GIVEN DATA below:

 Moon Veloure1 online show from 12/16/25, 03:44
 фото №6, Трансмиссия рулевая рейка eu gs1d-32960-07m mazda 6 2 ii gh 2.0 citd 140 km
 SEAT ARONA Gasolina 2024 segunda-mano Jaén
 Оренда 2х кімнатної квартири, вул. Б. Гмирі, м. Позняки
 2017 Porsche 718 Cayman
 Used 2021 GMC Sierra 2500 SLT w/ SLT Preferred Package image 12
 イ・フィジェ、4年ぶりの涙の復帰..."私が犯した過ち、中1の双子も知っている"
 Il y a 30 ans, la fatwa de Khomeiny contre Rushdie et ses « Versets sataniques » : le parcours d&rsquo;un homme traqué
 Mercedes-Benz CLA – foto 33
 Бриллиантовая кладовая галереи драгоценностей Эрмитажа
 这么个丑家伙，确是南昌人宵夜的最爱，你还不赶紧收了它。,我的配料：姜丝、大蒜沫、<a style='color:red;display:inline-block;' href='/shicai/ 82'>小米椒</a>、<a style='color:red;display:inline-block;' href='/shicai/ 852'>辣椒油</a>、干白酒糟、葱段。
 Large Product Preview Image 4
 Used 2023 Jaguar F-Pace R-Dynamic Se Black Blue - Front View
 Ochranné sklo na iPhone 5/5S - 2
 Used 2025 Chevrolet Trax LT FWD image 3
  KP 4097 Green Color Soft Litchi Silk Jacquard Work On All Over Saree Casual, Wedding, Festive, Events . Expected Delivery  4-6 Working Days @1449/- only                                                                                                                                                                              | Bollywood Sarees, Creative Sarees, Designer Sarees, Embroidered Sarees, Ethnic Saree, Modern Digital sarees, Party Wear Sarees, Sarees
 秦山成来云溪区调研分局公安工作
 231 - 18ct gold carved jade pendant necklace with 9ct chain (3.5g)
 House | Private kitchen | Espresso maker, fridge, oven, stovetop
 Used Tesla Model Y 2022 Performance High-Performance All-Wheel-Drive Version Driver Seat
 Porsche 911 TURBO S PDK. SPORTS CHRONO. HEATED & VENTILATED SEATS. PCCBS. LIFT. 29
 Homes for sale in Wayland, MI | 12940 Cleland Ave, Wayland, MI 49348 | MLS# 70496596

End of GIVEN DATA.

→ **AIM OF THE EXERCISE**
From the line holding "Mercedes-Benz CLA – foto 33" to the line holding "Used 2025 Chevrolet Trax LT FWD image 3", inclusive, restate each line above exactly as written.

→ **SOLVED EXERCISE**
 Mercedes-Benz CLA – foto 33
 Бриллиантовая кладовая галереи драгоценностей Эрмитажа
 这么个丑家伙，确是南昌人宵夜的最爱，你还不赶紧收了它。,我的配料：姜丝、大蒜沫、<a style='color:red;display:inline-block;' href='/shicai/ 82'>小米椒</a>、<a style='color:red;display:inline-block;' href='/shicai/ 852'>辣椒油</a>、干白酒糟、葱段。
 Large Product Preview Image 4
 Used 2023 Jaguar F-Pace R-Dynamic Se Black Blue - Front View
 Ochranné sklo na iPhone 5/5S - 2
 Used 2025 Chevrolet Trax LT FWD image 3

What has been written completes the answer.